Think your small business is safe from cyber criminals? Think again. Most small businesses across the country are remarkably vulnerable to hackers. It’s relatively simple for savvy cyber criminals to hack into your business’ Wi-Fi account, for example. From there, it’s an easy process for cyber criminals to steal your company’s data and money. Luckily for us, Entrepreneur Magazine recently ran a story providing tips for small business owners who wish to shield their companies from hackers. The good news? Combating cyber crimes quite often requires the easiest of steps.

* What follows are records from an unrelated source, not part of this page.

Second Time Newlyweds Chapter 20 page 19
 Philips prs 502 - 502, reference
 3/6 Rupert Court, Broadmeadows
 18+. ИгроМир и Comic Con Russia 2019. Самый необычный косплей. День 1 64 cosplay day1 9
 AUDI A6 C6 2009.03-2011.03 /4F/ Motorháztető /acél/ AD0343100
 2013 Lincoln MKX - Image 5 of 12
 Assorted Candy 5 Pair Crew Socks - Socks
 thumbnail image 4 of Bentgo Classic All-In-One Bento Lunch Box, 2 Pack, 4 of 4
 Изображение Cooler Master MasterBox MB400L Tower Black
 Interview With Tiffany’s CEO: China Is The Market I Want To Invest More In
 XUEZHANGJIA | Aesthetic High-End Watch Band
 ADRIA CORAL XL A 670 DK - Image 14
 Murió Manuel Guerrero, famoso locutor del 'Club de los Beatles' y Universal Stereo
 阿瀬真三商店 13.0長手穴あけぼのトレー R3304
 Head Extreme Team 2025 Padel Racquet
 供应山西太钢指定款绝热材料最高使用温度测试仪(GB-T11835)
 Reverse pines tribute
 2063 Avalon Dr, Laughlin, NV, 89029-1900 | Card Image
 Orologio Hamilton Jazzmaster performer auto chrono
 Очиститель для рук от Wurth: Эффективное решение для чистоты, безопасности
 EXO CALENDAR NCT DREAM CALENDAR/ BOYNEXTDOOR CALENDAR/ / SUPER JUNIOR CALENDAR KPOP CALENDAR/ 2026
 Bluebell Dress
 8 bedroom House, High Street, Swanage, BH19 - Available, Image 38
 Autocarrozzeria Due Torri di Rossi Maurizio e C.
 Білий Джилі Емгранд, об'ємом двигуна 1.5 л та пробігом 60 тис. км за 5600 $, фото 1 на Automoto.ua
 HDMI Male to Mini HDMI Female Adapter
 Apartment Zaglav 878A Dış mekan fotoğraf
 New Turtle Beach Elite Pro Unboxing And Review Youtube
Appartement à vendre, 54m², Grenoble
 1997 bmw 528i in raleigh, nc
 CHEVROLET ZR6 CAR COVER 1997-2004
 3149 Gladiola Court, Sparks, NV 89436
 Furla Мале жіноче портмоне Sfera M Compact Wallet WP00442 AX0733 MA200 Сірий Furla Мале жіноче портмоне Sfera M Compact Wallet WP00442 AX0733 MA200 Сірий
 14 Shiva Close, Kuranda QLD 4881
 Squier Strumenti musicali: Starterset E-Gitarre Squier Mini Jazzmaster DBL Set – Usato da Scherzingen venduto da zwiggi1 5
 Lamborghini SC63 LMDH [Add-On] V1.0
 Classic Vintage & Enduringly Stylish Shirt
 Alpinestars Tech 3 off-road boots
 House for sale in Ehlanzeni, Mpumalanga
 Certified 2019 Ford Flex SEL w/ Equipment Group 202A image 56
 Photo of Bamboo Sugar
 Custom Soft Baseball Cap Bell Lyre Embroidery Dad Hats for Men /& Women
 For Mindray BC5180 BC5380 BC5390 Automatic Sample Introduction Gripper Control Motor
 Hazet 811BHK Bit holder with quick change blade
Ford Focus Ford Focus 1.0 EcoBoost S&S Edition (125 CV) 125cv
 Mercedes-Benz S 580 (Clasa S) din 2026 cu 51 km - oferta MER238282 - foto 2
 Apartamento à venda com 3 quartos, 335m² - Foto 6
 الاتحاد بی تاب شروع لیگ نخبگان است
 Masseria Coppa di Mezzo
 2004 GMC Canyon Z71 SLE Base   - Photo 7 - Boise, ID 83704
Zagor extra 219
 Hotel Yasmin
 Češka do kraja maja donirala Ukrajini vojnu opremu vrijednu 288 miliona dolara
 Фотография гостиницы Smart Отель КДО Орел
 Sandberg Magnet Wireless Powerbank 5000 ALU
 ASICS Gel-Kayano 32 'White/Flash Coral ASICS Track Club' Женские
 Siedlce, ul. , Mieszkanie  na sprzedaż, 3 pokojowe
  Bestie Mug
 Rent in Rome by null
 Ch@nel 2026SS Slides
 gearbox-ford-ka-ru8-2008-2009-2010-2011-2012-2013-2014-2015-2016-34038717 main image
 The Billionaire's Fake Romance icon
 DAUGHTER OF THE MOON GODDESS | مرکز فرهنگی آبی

Make certain the full-disk encryption tools on your company’s computers are turned on. When they are, these tools encrypt every file or program stored on your computers’ drives. This is significant because hackers would rather go after easy targets. Once they discover that your company’s key data are encrypted, they may move on in search of easier targets. On Macintosh computers, the encryption tool is named FileVault. On Windows-based machines, the tool is called BitLocker.
The Lockdown Approach
According to the Entrepreneur story, many cyber criminals first break into businesses to steal their computer equipment, especially laptops. After they have these devices, they can often hack into a business’ computer systems. That’s why it’s important for your employees to take advantage of their computers’ Kensington lock port, the small metal loop attached to most computers and laptops. Users can run cables through these loops to secure their laptop computers to their desks. This sounds strange, however, many criminals will see secured laptops and leave them. They don’t like to spend any extra time during their break-ins.
Often the simplest way for cyber thieves to gain access to your company accounts is thru your business’ Wi-Fi network. That’s why Entrepreneur Magazine suggests that you do away with Wi-Fi completely and instead install a wired network. If you can’t do that, at least protect your Wi-Fi accounts with passwords that are hard to crack. A good bet? Long passwords made from a mixture of letters, numbers and symbols.